More Responsibilities
Thanks to her pioneering research in cardiology, Padmavati was much in demand as a professor and an administrator. In 1967, the government of India asked her to take over as director-principal of MAMC where she also set up a cardiology department. She also helped set up the cardiology department at GB Pant Hospital, which was on the campus of MAMC. She also held additional charge of Delhi’s Irwin Hospital (now called Lok Nayak Jai Prakash Narayan Hospital), MAMC had 26 departments and it was Padmavati who introduced the DM course in cardiology, which admits post-graduates.
“It was a big undertaking,” Padmavati recalled. But then times were different and things much less complicated back then, she adds. Padmavati feels that the bureaucracy was bad then and is worse today. What helped was her direct access to the Lt Governor of Delhi, AN Jha, who helped her tide over bureaucratic red tape.
Mission Possible
After retirement from government service in 1981, she helped set up the National Heart Institute (NHI) in Delhi. As director, she had no doubts about her role: to promote research and spread awareness about diseases of the heart. She has been founder-director of the All India Heart Foundation, “a sister concern of NHI” since 1962. In India’s rural areas, the foundation holds “heart camps” to familiarise people with the disease and its causes. It was India’s — and Asia’s — first exclusive heart institute; its rich successor Escorts Hospital was built in 1988. According to WHO, 17.3 million people died worldwide from cardiovascular diseases in 2008. Of thi s, 80% of deaths take place in low- and middle-income countries, especially in India, which accounts for 21% of the world’s disease burden.
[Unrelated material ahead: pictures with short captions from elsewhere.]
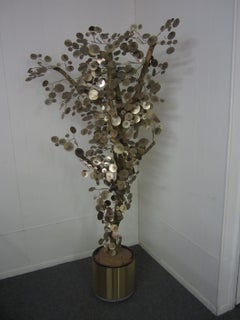 Magnificent C. Jere Raindrop Series Tree Sculpture Mid-Century Modern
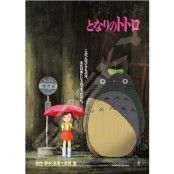 Pussel My Neighbor Totoro Movie Poster 1000 bitar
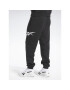 Reebok Pantaloni trening Classics Brand Proud HY7107 Negru Regular Fit - Pled.ro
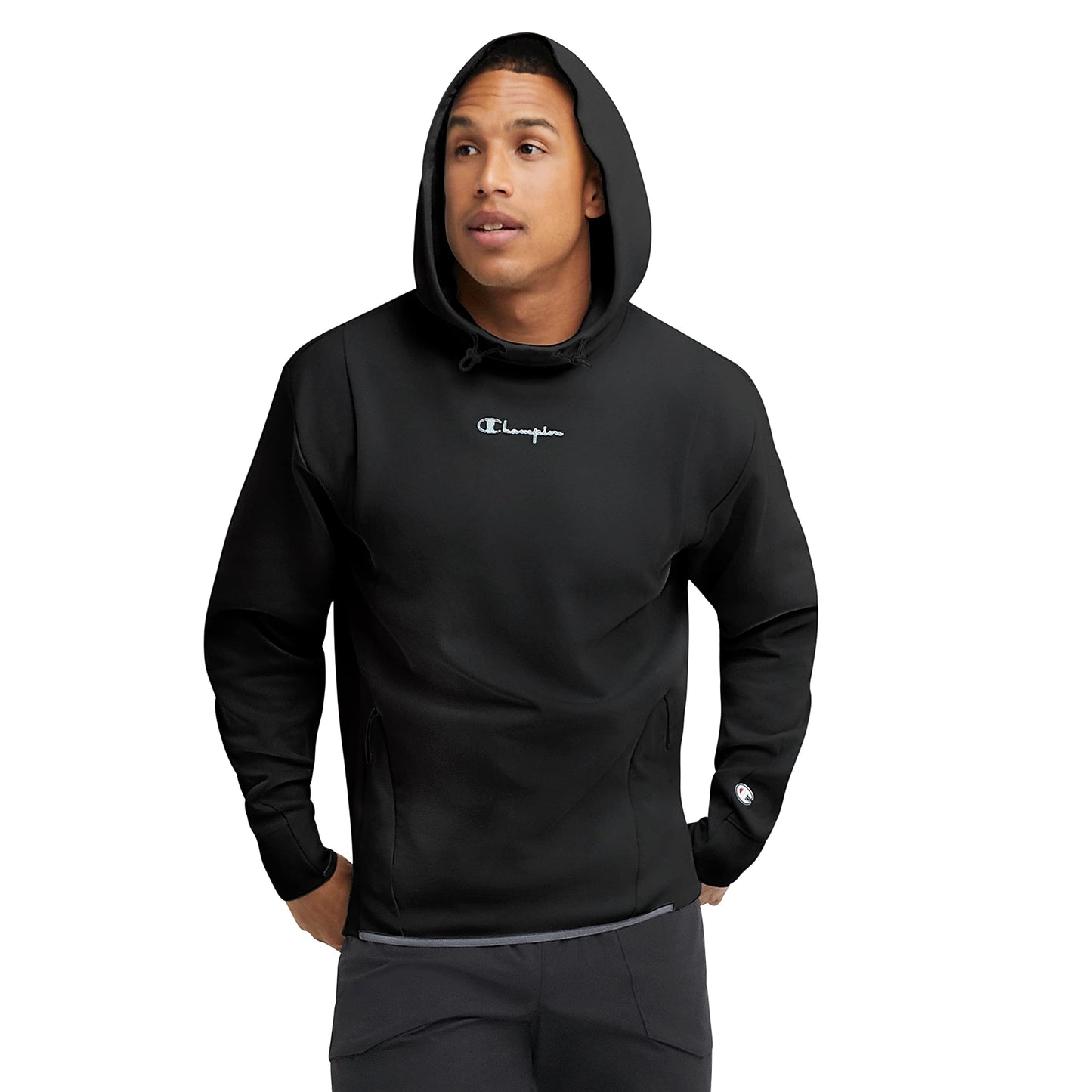 Champion Men's Hoodie, Midweight T-shirt Hoodie, Soft and Comfortable T-shirt Hoodie for Men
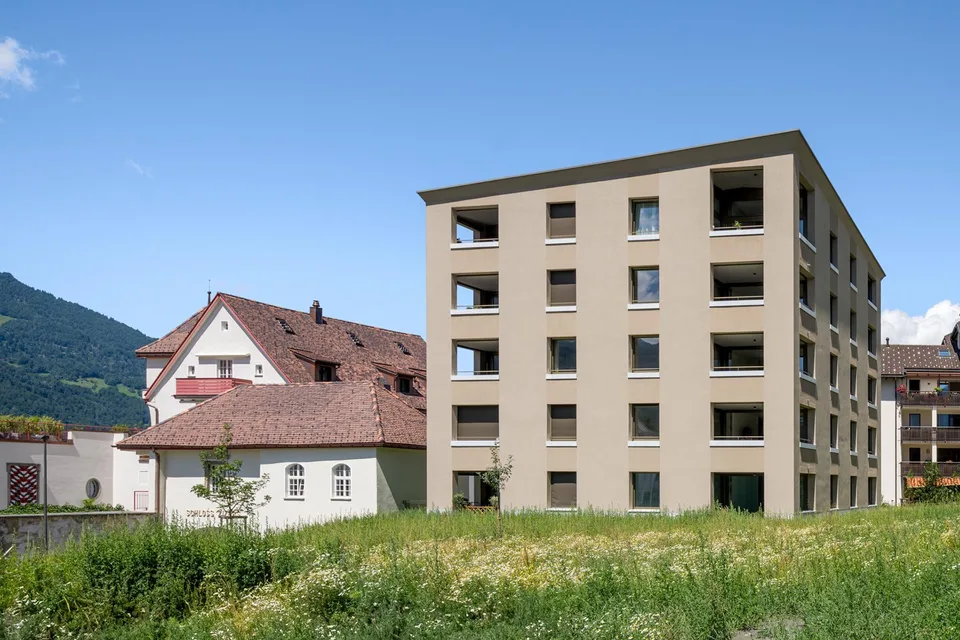 Natur, Schlossblick und Bergpanorama – 4.5 Zimmer in Zizers – foto 9 di 10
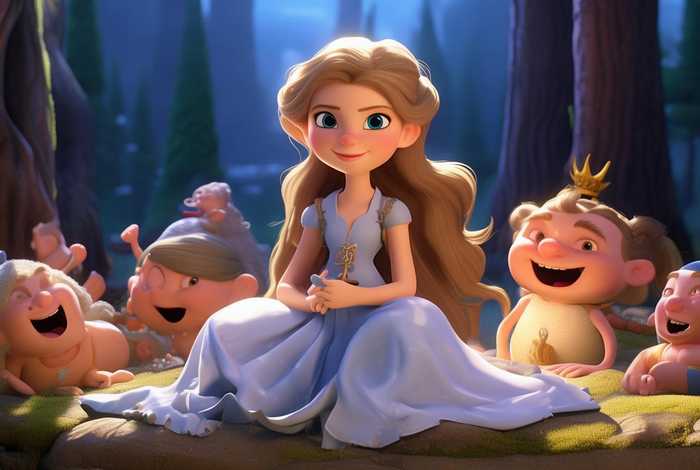 儿童故事大全视频白雪公主（幼儿故事白雪公主视频大全）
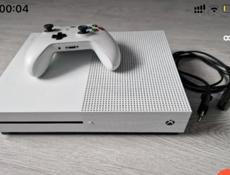 Приставка Xbox one s + руль 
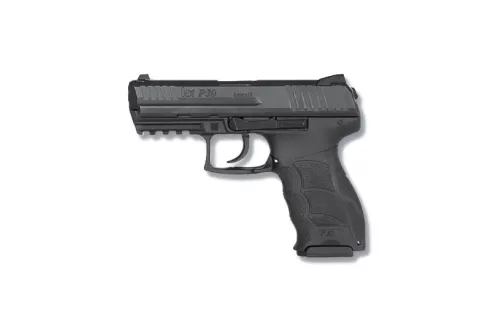 HK M730901a5 P30 Lem 9Mm 15+1 3.9" Nms Black Syn Grip Black Slide
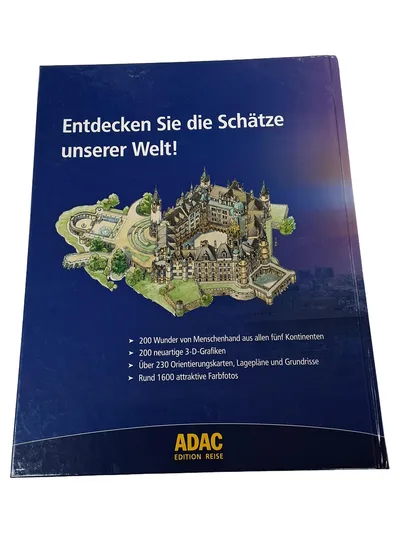 Die berühmtesten Sehenswürdigkeiten der Welt ADAC Edition Reise Bildband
From 20 beds, the institute has now grown to 100 beds. “But it can grow further. Unlike many new hospitals, we don’t have money from elsewhere. We get money from what we earn,” she says matter-of-factly. She didn’t elaborate.
She finds it heartening that though heart diseases are on the rise in India due to a variety of reasons, technology and biochemistry have shown rapid growth in combating the menace. “I still touch and use my eyes and ears to treat patients, but I have to know technology, too. You can’t stop the march of technology,” declares Padmavati, who says she attends at least two global heart conferences, a year to keep herself “updated”.
As regards the use of medicines to treat heart ailments, this renowned cardiologyst, who is also an expert in non-invasive surgery, says, “Treat medicines as your servant. You shouldn’t let them become your master.” Padmavati sees patients 12 hours a day for five days a week. It helps her that she is a polyglot who speaks Hindi, Tamil, Burmese, a smattering of German and French besides Telugu and Mayalayam, she says. “I never married, but I never felt bad about it either because I am always busy with patients and my research,” sums up Padmavati whose paternal grandmother lived up to 103. She attributes her longevity to genes.
Dr. Sivaramakrishna Iyer Padmavati will always be remembered for her work, contribution & service to society. She may have left the world physically but she leaves a great legacy behind that will inspire generations to come.